Contesting a Will: what is undue influence?
Hayley Gaffney of Coodes Solicitors’ Personal Disputes team says you must act fast if you want to contest a Will on the grounds of undue influence.
Undue influence is one of the most common grounds for contesting a Will. However, these cases are often highly complex because undue influence can be difficult to prove. Starting your claim early and getting the right legal expertise is crucial if you think you have a case.
What is undue influence?
Undue influence is a term used when someone has been forced or coerced by a person into making or changing a Will. It doesn’t necessarily have to benefit the individual exerting the undue influence.
Undue influence is one of the grounds which can be relied on to contest a Will, provided that you have some form of proof that the testator (person who wrote the Will) was coerced to do so. This means that they persuaded the individual to change their Will using force, threats or other unethical means. Strong evidence is usually required for an undue influence claim to be successful. Given that the primary witness (the testator) is deceased by the time anyone contests the Will, this can be challenging.
Undue influence can take many different forms.
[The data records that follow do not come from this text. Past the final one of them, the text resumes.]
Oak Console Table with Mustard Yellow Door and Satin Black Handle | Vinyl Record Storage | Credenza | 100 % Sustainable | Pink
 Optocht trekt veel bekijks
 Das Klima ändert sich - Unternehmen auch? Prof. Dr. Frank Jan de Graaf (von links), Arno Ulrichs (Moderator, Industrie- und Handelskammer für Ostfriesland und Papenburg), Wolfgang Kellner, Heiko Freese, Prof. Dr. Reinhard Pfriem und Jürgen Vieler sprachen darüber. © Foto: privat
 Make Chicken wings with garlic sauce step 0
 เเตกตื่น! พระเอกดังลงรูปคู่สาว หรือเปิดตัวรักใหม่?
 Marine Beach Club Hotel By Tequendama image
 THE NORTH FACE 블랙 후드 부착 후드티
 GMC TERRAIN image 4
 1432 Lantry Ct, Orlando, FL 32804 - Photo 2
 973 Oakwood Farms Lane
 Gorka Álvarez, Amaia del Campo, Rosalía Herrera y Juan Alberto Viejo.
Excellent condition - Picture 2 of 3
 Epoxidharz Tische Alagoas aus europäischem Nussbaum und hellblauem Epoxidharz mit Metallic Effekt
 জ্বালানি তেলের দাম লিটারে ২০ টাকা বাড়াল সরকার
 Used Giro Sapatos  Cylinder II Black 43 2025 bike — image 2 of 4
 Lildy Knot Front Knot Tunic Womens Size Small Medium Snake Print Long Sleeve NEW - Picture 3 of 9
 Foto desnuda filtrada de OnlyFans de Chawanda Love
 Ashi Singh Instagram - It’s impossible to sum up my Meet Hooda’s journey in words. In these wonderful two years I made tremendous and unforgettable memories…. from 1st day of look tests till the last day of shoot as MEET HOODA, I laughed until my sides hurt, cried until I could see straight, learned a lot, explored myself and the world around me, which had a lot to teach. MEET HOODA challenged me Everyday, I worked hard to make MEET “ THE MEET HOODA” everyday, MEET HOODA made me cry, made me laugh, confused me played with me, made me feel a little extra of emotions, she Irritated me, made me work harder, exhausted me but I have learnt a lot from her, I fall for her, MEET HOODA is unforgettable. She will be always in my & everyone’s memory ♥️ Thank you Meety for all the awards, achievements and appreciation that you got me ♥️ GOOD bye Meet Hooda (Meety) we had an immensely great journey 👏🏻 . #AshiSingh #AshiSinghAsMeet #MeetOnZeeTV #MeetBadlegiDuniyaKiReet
These include physical violence, verbal bullying or even simply nagging or cajoling someone in such a way that that the person may be induced to do as they are told just for a ‘quiet life’.
Was it really undue influence?
The courts have found that there is nothing inherently wrong with influence alone. After all, people are influenced by various factors when deciding what to include in their Will.
The law, however, does not allow undue influence, where coercion or fraud must have taken place. Noted 19th century judge Sir JP Wilde said that “a testator (the person making a Will) may be led but not driven, the Will must be the offspring of their own decision and not the record of someone else’s”. This remains true today. Someone can remind the person making the Will of family connections, services provided to them in the past, or ask them to include a person who may be in need in the future. However, they can’t exert pressure to overpower the testator’s own judgment or decision
How to prove undue influence
Proving undue influence can be very complicated. Someone exerting undue influence over another person usually acts in private without witnesses or any evidence trail. Most undue influence claims involve someone who was in a position of trust to the deceased or someone they depended on, for example their child, partner or carer.
For a claim of undue influence to be successful, there needs to be proof of there being no other reasonable explanation for the terms of the Will or changes made. Ultimately, you will need to show that the deceased would not have written their Will in this way if it were not for the pressure or undue influence asserted over them. This can be difficult to prove.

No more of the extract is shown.